**Given records**
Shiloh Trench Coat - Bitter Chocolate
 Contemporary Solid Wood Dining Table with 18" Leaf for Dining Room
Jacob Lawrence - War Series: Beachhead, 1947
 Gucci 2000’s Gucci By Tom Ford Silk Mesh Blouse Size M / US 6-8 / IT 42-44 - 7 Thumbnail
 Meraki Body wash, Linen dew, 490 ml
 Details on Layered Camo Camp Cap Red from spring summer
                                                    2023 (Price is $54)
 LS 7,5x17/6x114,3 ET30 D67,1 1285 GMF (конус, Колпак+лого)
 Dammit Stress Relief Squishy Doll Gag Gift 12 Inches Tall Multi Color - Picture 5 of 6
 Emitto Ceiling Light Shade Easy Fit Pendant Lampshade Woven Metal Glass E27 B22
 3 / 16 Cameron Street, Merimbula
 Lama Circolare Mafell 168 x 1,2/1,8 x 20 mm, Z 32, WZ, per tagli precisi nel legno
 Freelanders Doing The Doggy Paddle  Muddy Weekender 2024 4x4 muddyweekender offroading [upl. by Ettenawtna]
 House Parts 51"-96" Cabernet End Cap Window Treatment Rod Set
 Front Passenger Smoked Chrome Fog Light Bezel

**To do**
Could you return exactly the lines above from the line with "Emitto Ceiling Light" to the line with "Lama Circolare Mafell", both included, and nothing else?

**Result below**
 Emitto Ceiling Light Shade Easy Fit Pendant Lampshade Woven Metal Glass E27 B22
 3 / 16 Cameron Street, Merimbula
 Lama Circolare Mafell 168 x 1,2/1,8 x 20 mm, Z 32, WZ, per tagli precisi nel legno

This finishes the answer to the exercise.